PROBLEM DETAILS: Nothing goes in the answer except the line that contains "this 845×633 image." and the lines after it to the end of the material below, unchanged.

....

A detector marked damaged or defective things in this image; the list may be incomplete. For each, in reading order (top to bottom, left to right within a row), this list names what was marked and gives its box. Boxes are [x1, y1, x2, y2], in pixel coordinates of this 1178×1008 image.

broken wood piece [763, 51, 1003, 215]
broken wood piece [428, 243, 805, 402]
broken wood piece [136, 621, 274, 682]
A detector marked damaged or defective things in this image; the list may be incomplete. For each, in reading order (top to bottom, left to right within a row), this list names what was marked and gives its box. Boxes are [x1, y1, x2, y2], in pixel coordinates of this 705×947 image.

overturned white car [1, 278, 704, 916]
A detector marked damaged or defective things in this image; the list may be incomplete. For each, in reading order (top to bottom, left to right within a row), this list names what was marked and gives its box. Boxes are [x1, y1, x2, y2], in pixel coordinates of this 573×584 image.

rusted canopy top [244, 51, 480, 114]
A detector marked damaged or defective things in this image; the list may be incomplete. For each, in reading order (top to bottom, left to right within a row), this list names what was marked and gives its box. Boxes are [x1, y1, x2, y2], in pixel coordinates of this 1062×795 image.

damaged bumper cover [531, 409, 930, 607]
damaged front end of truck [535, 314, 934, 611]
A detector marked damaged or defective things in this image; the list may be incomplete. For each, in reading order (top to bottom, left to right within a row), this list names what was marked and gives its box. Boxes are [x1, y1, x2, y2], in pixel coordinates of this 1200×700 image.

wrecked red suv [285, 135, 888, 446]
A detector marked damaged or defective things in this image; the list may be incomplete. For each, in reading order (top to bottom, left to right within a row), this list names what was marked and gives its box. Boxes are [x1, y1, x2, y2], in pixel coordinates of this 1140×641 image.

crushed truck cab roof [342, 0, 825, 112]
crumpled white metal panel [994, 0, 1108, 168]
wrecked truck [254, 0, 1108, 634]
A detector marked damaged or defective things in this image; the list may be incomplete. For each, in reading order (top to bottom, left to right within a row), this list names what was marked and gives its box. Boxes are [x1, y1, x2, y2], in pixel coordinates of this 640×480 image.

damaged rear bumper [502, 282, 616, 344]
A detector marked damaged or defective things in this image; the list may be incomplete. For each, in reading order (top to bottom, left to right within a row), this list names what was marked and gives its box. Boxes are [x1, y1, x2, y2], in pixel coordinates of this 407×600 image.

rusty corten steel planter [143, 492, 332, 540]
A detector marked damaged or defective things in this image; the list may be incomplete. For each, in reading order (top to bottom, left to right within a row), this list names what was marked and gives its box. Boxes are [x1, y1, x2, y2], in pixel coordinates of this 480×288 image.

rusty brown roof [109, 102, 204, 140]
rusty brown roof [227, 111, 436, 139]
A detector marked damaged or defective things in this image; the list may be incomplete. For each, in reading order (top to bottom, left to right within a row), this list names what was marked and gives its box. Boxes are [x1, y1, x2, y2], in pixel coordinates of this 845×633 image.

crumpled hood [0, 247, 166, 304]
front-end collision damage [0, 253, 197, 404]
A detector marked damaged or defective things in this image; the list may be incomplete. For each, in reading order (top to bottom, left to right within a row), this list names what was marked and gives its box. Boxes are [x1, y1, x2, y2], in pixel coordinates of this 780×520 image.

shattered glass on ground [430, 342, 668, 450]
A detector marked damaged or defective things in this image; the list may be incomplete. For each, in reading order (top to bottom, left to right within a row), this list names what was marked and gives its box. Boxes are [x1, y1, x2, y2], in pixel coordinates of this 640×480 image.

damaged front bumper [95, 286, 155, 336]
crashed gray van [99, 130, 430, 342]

....

EXERCISE ANSWER:
A detector marked damaged or defective things in this image; the list may be incomplete. For each, in reading order (top to bottom, left to right within a row), this list names what was marked and gives its box. Boxes are [x1, y1, x2, y2], in pixel coordinates of this 845×633 image.

crumpled hood [0, 247, 166, 304]
front-end collision damage [0, 253, 197, 404]
A detector marked damaged or defective things in this image; the list may be incomplete. For each, in reading order (top to bottom, left to right within a row), this list names what was marked and gives its box. Boxes are [x1, y1, x2, y2], in pixel coordinates of this 780×520 image.

shattered glass on ground [430, 342, 668, 450]
A detector marked damaged or defective things in this image; the list may be incomplete. For each, in reading order (top to bottom, left to right within a row), this list names what was marked and gives its box. Boxes are [x1, y1, x2, y2], in pixel coordinates of this 640×480 image.

damaged front bumper [95, 286, 155, 336]
crashed gray van [99, 130, 430, 342]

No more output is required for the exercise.